▶ _THE TASK_
Could you copy out every line of the data where the word "Vintage" occurs?
Segment Start: DATA RECORDS
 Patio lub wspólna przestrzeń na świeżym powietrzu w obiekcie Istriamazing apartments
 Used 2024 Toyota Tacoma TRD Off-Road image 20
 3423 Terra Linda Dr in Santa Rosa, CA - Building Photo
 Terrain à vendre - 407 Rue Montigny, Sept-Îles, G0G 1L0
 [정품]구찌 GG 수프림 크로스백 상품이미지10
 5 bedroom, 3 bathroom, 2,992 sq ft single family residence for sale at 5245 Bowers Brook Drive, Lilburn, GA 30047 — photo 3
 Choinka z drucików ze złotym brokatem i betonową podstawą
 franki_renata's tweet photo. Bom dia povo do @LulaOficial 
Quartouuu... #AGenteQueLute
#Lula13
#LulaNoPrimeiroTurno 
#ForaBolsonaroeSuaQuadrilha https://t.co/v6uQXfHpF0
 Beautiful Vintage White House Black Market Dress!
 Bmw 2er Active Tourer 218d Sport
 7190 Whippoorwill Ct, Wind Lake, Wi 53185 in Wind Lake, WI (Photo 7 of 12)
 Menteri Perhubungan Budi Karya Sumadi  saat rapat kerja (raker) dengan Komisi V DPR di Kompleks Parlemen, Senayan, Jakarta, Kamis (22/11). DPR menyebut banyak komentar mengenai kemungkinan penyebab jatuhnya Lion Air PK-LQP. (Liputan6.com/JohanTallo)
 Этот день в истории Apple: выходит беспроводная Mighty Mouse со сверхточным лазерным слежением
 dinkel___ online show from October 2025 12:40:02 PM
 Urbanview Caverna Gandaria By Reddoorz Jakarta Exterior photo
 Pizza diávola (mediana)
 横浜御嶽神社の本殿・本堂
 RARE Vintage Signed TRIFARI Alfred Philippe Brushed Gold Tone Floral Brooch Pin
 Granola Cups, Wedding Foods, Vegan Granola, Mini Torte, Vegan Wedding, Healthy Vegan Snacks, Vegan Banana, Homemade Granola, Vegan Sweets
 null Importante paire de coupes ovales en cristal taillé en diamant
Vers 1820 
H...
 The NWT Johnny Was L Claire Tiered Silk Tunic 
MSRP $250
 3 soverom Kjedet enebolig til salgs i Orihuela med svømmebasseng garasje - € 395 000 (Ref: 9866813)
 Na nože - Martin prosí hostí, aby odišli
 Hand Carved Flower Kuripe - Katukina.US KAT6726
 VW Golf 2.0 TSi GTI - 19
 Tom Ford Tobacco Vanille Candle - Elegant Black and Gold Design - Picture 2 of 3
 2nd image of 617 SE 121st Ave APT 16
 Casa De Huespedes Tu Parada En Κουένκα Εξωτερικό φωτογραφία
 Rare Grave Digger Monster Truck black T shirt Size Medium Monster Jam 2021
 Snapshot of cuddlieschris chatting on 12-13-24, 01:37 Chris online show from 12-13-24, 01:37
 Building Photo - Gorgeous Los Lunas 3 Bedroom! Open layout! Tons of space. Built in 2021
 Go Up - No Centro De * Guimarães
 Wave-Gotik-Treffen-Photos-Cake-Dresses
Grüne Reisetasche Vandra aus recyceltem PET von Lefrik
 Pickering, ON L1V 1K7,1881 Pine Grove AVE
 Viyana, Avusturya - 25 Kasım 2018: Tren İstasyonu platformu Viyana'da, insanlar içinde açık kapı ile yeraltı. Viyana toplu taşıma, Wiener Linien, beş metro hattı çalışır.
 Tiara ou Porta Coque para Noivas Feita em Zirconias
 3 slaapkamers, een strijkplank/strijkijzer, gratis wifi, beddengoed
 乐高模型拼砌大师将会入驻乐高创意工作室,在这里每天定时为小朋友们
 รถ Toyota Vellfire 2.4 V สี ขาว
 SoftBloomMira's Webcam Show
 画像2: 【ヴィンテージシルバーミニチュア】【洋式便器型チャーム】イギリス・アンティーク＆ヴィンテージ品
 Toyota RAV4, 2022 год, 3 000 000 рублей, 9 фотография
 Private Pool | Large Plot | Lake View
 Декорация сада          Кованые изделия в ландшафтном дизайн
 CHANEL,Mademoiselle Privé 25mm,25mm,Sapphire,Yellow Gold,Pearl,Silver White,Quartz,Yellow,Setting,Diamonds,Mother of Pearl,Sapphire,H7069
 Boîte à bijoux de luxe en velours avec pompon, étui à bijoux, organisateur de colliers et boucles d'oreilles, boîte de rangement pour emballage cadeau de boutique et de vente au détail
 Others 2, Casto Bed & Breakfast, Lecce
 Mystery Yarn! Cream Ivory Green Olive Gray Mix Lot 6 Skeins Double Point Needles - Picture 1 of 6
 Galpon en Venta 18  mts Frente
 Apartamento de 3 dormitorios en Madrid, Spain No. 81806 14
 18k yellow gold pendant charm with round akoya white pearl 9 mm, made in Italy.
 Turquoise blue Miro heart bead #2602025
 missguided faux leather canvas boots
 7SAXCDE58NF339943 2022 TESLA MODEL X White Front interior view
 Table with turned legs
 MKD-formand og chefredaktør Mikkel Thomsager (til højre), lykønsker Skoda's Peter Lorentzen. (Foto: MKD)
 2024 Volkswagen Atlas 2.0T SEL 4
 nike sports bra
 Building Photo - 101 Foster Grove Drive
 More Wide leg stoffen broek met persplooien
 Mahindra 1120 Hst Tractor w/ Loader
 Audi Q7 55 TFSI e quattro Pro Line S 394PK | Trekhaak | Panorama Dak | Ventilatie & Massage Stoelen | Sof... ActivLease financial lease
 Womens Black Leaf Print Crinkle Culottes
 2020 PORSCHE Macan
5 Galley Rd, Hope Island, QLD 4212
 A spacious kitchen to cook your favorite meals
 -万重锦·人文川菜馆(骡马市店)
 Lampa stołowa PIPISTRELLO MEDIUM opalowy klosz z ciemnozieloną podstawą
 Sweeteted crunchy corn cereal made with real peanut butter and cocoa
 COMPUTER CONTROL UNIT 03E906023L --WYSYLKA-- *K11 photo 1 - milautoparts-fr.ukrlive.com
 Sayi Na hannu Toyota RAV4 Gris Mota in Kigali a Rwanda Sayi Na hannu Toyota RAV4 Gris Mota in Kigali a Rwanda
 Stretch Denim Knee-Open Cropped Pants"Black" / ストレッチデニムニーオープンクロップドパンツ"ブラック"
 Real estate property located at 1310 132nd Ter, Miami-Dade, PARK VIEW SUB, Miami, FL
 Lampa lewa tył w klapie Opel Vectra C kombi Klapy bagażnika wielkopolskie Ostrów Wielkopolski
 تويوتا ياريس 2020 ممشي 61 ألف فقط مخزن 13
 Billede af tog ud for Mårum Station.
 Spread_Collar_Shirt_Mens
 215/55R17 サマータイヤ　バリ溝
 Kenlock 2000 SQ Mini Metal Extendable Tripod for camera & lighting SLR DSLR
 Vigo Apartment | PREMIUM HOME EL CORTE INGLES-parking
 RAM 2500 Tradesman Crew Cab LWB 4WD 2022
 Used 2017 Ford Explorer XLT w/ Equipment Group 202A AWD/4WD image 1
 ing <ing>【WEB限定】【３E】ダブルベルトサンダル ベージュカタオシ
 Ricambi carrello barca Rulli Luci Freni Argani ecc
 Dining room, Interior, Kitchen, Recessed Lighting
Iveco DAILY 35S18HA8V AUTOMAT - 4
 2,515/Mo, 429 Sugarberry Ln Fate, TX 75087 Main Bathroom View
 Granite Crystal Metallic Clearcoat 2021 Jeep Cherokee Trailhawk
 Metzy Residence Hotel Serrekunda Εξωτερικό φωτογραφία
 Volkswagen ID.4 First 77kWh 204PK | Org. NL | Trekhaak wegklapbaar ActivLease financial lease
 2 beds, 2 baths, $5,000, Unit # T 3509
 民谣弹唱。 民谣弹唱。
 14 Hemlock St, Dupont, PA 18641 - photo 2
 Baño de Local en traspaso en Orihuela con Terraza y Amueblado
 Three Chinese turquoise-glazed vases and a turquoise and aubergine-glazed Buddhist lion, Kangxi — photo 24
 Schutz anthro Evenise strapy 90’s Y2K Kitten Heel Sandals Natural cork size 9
Segment End: DATA RECORDS
▶ _WRITTEN SOLUTION_
 Beautiful Vintage White House Black Market Dress!
 RARE Vintage Signed TRIFARI Alfred Philippe Brushed Gold Tone Floral Brooch Pin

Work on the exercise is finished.